Now the whining and justification starts:
Asked if he would have handled the matter the same way again, Glans said he would, but not if he knew it was being filmed. He acknowledged that he did not know the incident was being videotaped.

“I was concerned. It was a public safety issue,” the sergeant said. “If I had to do it all over again … I’d probably do the same thing. If I knew the camera was there, no, because it does look bad.”
Think about that.  "Yes, I'd commit assault and make threats and violate his rights again, long as I knew it wasn't on camera."  And he thinks this is a "I'm a caring law officer" defense?  And this asshole was a SUPERVISOR?

Makes you wonder who all else he's done this to over time, and gotten away with it.

Cameras.  On every officer.  And recordings MUST be made available, and it's a firing offense for your camera to be turned off or become 'inoperable' during an incident.

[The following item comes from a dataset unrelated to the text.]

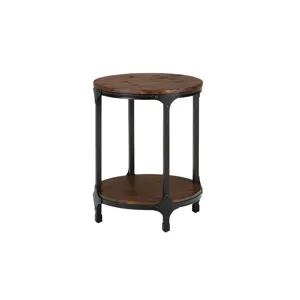 Urban Nature Round Chairside Table with Steel and Pine Construction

California Midwesterner said...

The only issue I have with the "fired if your camera turns off or is 'inoperable' during an incident" stance is that I've seen fights and such that banged gear up pretty good, to say nothing of the people involved.
And cams fritz fairly regularly, too--a CA department was testing body cameras and had something like 25% of them fail in the first month, and didn't know it til they went to pull recordings.
Not foul play, just the cameras weren't recording properly.

At very least, I'd add something about legitimate exigencies and technical problems.
But so long as the disciplinary action extends to any intentional disabling of the recording by the officer, I can get behind body cams.

And this is coming from someone who started towards being a peace officer in the recent past.
I'm in favor of cameras, because more often they actually help the officer in complaints, the evidence value, etc.

Firehand said...

Damaged in a fight, no problem; "Sergeant, beats me, must've gotten unhooked somehow just before that stop where I was accused of assaulting that guy" is "Well, does the word 'suspension' mean anything to you? Or 'firing'?"

From what I've read departments that start using them have a BIG drop in complaints. Use them.